• **About this exercise**: From the line containing "Surefire G2X Pro" down to the line containing "Item preview, Sun", copy out the entries below exactly, both lines included, and nothing else; pictures do not belong in the copy.

• **Record extracts**:
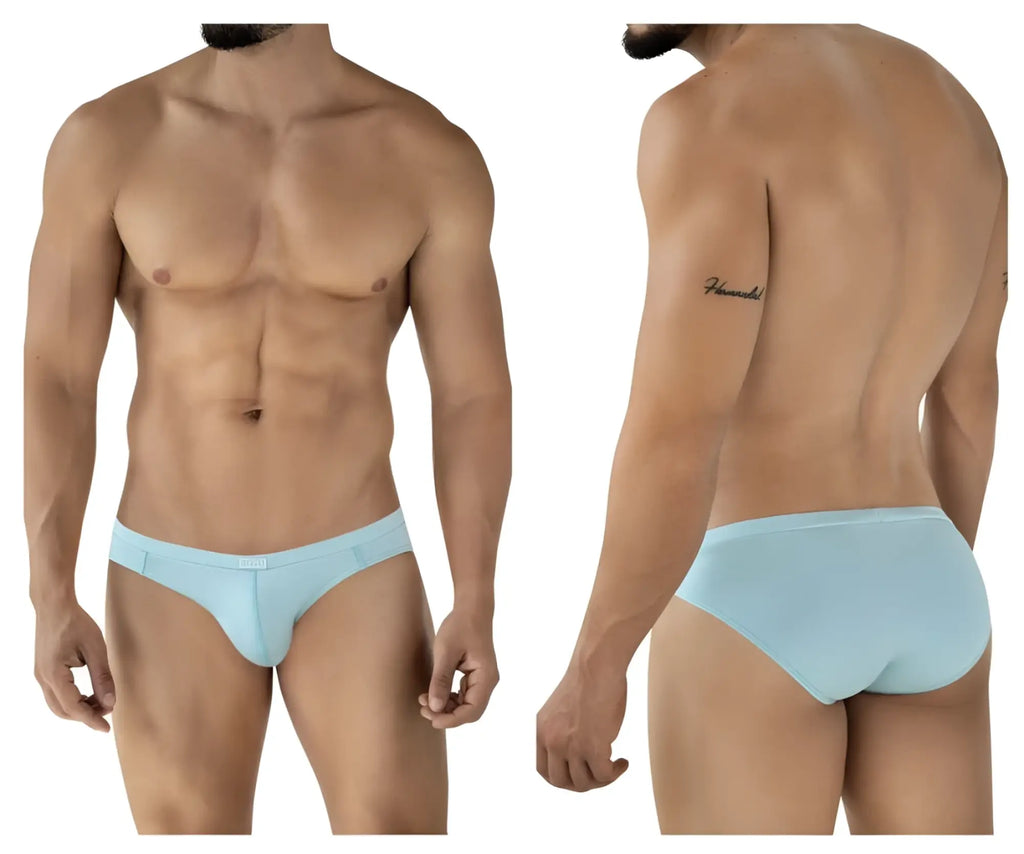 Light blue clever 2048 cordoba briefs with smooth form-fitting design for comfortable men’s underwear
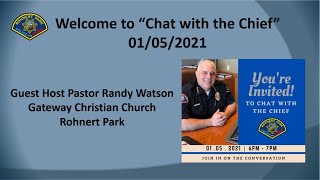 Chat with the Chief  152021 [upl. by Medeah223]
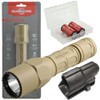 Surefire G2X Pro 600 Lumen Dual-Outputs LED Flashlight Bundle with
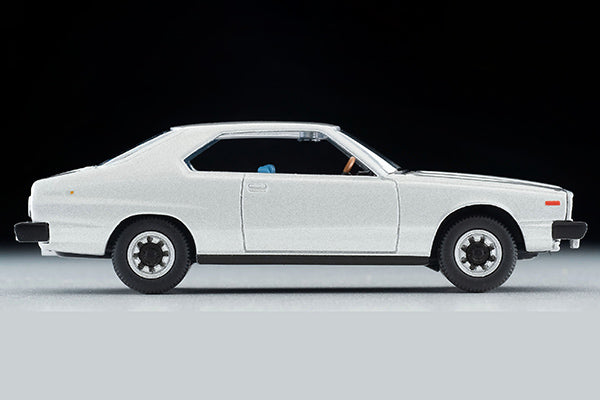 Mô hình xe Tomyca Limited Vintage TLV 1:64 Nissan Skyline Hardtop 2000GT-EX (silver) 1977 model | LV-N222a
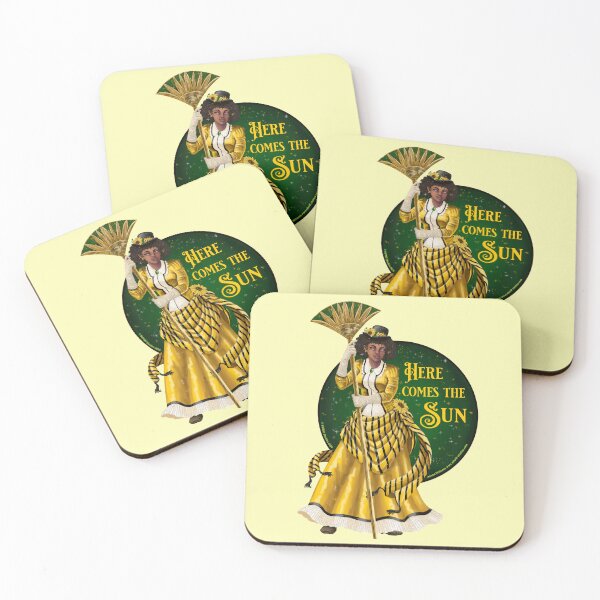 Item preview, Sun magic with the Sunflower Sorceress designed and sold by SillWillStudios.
---
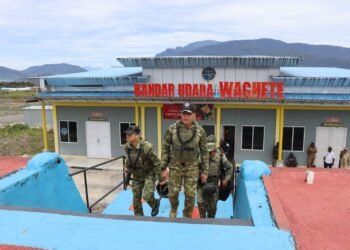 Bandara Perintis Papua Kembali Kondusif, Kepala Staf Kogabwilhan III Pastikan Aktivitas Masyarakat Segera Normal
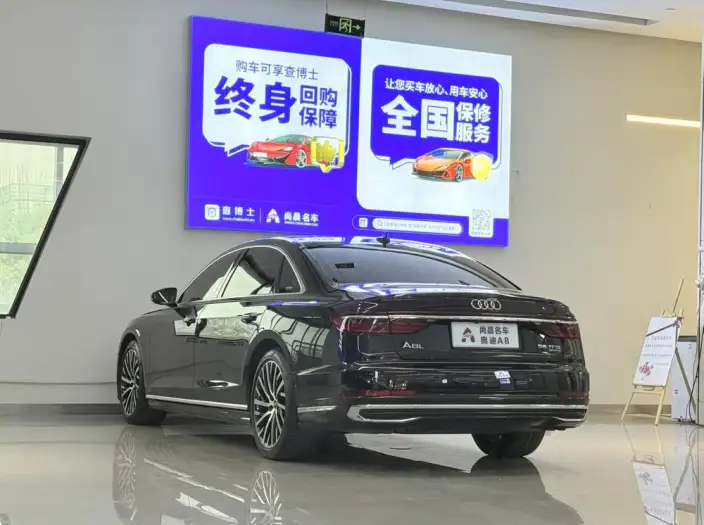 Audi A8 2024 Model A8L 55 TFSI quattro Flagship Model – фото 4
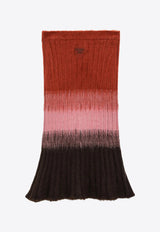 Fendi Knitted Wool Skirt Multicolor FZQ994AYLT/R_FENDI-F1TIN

• **Solution**:
 Surefire G2X Pro 600 Lumen Dual-Outputs LED Flashlight Bundle with
 Mô hình xe Tomyca Limited Vintage TLV 1:64 Nissan Skyline Hardtop 2000GT-EX (silver) 1977 model | LV-N222a
 Item preview, Sun magic with the Sunflower Sorceress designed and sold by SillWillStudios.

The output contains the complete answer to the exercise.